RE: Amusing but nasty posts29 Jul 2021 10:50
Depends on your time frame, but with the energy transition likely to cost the likes of BP and Shell billions and takes their eye and working capital off reserve replacement, the window is open for a pure E&P company to reap the rewards of the inevitable price squeeze in oil (and gas) prices over the next 5-10 years. Shells. 2 billion share buy back announced this morning certainly a big enough carrot to keep investors on side and More to follow suit , so big oil is not dead.. Bats results were good yesterday and transition to non tobacco is less costly than renewables, but also the developing market still has an insatiable appetite for both tobacco snd oil. Shell at no.2 BP at no8 and BATS at no 9 are hardly shrinking violets in ftse mcap for now.
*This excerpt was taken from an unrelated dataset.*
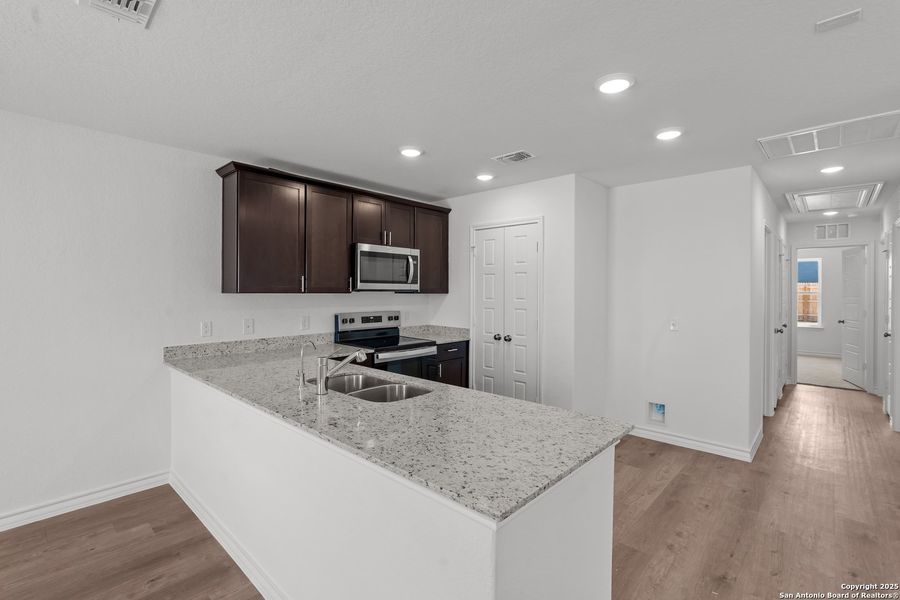 Furnished interior view inside a new home in Vista Real, Converse (Image 9).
Most on here are not looking for a long term investment in HBR but short term the path is pretty straight forward, with paying the debt a priority over share buy back as well as snapping up the opportunity to buy cheap assets from the majors, as they get forced by shareholders to change their game,.
Let’s keep the board debating about record Nat gas prices and worrying outlook for winter prices with current , and other fundamentals.
Relentless playing the man here stifles debate and some posts get missed amongst the drivel, although that is a tactic of some to spam the good stuff on to page 2. China stable, dollar off, supply demand deficit, mobility up , summer burn in ME, driving season, stocks below pre pandemic levels - oil in a trend, ignore the noise….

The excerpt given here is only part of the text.